→ **Aim of the exercise**
Your answer must be exactly the lines from the one containing "this 1270×952 image." through the end of the material, both ends included, without pictures.

→ **Records supplied**
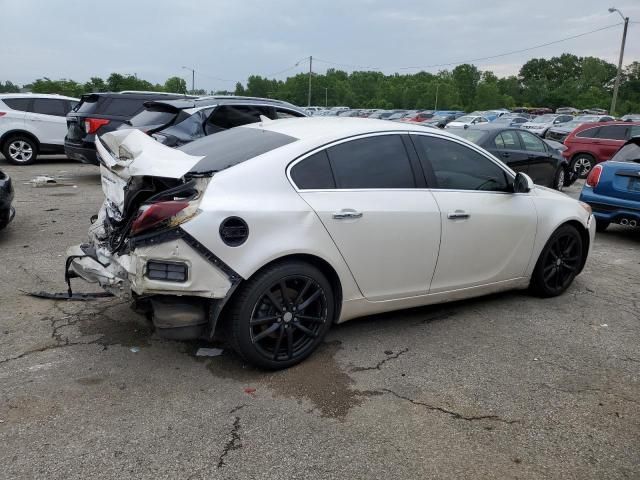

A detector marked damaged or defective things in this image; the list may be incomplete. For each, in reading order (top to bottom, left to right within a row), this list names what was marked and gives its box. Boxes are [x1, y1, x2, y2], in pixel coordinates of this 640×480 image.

broken taillight [84, 118, 110, 135]
damaged rear end [66, 129, 239, 340]
broken taillight [130, 199, 200, 236]
cracked asphalt [0, 157, 636, 476]
pavement crack [352, 346, 408, 374]
pavement crack [378, 390, 516, 424]
pavement crack [218, 416, 242, 468]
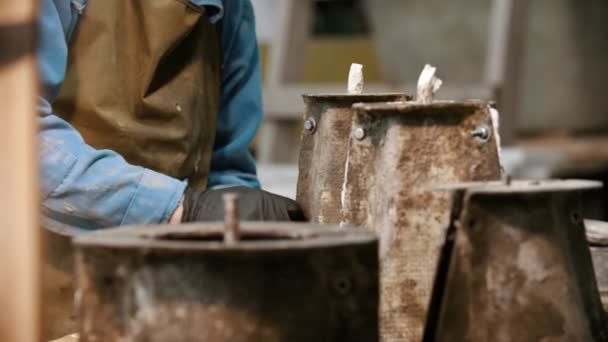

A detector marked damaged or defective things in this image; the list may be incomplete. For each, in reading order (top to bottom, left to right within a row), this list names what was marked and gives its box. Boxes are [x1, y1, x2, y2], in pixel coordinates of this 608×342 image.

rusty metal bucket [72, 220, 380, 340]
rusty metal bucket [296, 93, 408, 223]
rusty metal bucket [340, 100, 502, 340]
rusty metal bucket [422, 180, 608, 340]
rusty metal bucket [584, 220, 608, 312]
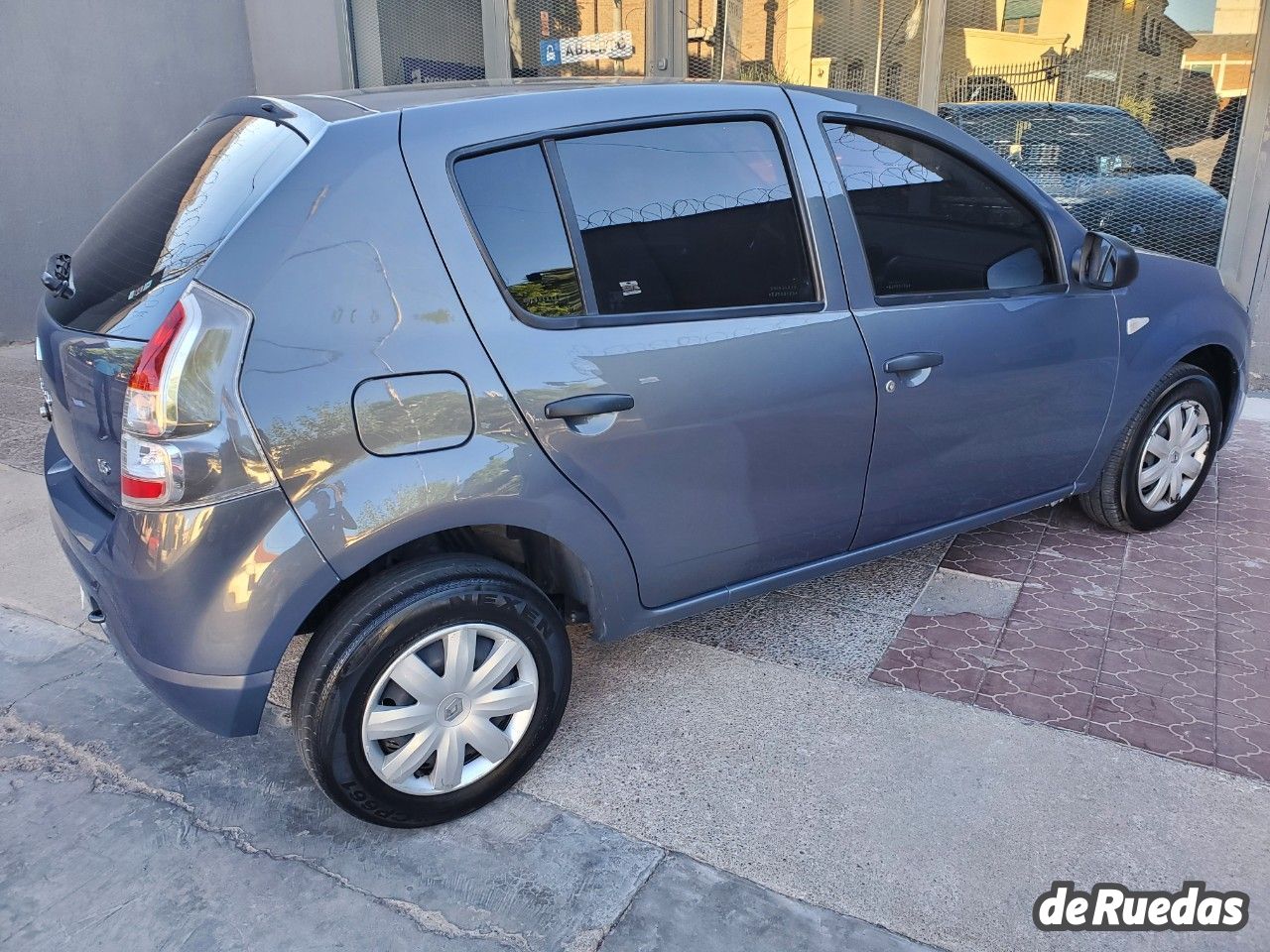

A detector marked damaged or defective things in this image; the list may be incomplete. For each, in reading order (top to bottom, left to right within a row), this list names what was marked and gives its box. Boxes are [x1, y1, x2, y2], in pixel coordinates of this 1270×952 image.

concrete pavement crack [0, 715, 533, 952]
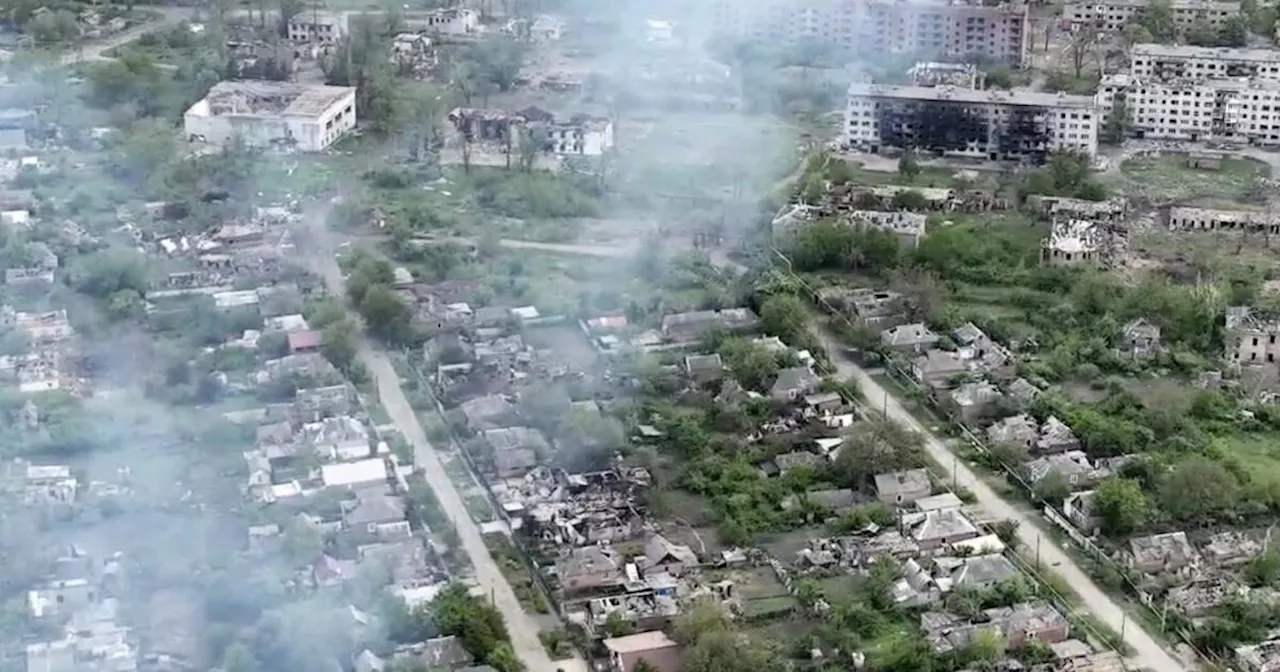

→ **Answer to the exercise**
A detector marked damaged or defective things in this image; the list may be incomplete. For each, in reading order (top to bottom, left to right within a row), this list names what was marked and gives its box. Boxes are [x1, y1, x2, y2], in pixel coordinates of this 1270×952 image.

concrete pavement crack [0, 715, 533, 952]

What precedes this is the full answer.